I’ve enjoyed reading your blog over the last year and I’ve purchased your book, but have not read it yet. I enjoy your insight and stories from your experience in Argentina and look forward to reading your book.
My questions are about financial contracts. I’ve seen on your blog and have read that a lot of post-crash purchases of large items, like a house or car, are primarily in US dollars cash. Before the crash in 2001 did people use mortgage loans or cars loans? If a loan was written in 1999 in Argentine dollars were the loan payments still accepted in the debased currency because of the contract? Did the banks or lenders just write off the loans or did they try to force payment in US dollars or Euros? Did the government force loans to be forgiven?
I would like your perspective on what happens to a contract. I think the US will be seeing similar problems in the near future and I’d like an idea of what it may look like to carry any debt. The US situation may not play out like Argentina, but I wouldn’t put it passed US officials to look at other countries handling of these issues.
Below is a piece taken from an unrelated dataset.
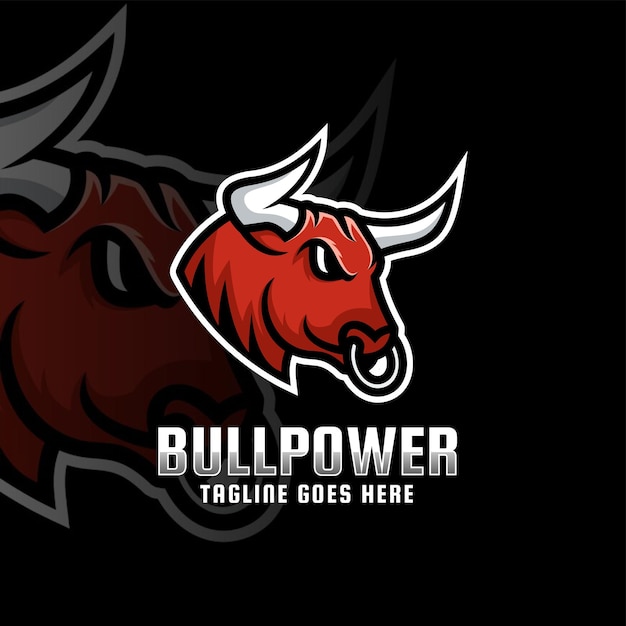 Un logo de toro con el título bullpower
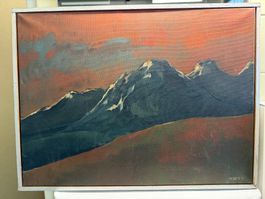 Ve Moser Bernhard (1942-1980) Kunst Bild Oel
Any insight would be appreciated. Please feel free to share the letter and your reply if you have one, but please do not publish my e-mail address.
Thank you for sharing you knowledge and experience!
God bless you and your family in Ireland!
Hi Andrew, sorry for the delay in replying.
You bring up an excellent point. After an economical collapse or significant economic crisis like the world is seeing now the importance of correct contracting becomes even more significant. On one side frauds become more common and you really have to cover your back from any possible legal loophole, on the other the rules by which you do business chance constantly in times of turmoil so you have to keep up to date on everything.
Take for example contracts for renting. When inflation is spinning out of control you have to keep this in mind. When doing a two year contract we would adjust for inflation, the second year price being 20 or 25% higher than the first one. Some people did contracts that included an increase if inflation reached say, 10% in 12 months (just an example) but these lost their meaning as soon as the government started cooking the books. Officially the inflation may be 4% a year, but on the street the real inflation is 25% per year. When such a situation presents itself your contracts can hardly go along the lines of official figures because they don’t mean much at all anymore so you have to be careful.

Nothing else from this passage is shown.